It's easy to agree that there's lots of software floating around, but that not
a lot of it is good. That's particularly true about enterprise software (I
used to work in the field). It doesn't have to be good. You could have an
excessively complicated UI and do your numerics in Python (for the love of
God, numerics and statistics in Python?) and people will still use it. The
damn app can take 12 seconds to load, and people will still use it. How are
you going to sell Haskell to the enterprise community when that's their bar?

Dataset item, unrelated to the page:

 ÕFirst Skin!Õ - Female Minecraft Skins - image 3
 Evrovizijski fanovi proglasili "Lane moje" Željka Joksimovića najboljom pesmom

If people want to write code in Haskell for a living, if they're serious about
this freeing-software-from-the-von-Neumann-paradigm thing, they should seek
out problem spaces where software quality matters. This is hardly the sole
core competency of Haskell, IMO. When one of my friends was introduced to it,
he noted that it was a very "scientific" language. Which is to say, he thought
it was impractical for regular software. The flip side to this is that we can
very easily do things like check for gene sequences in Haskell (Brian
O'Sullivan was doing something like this).

The fact that things like sets and maps are treated like values means that
they are very natural and easy to work with (albeit a little slower than their
mutable counterparts in other languages), so why aren't we seeing Haskell used
to analyze social networks? Haskell is a powerful language. We just need to
see it for what we _could_ do with it, rather than redoing the old things that
have already been done.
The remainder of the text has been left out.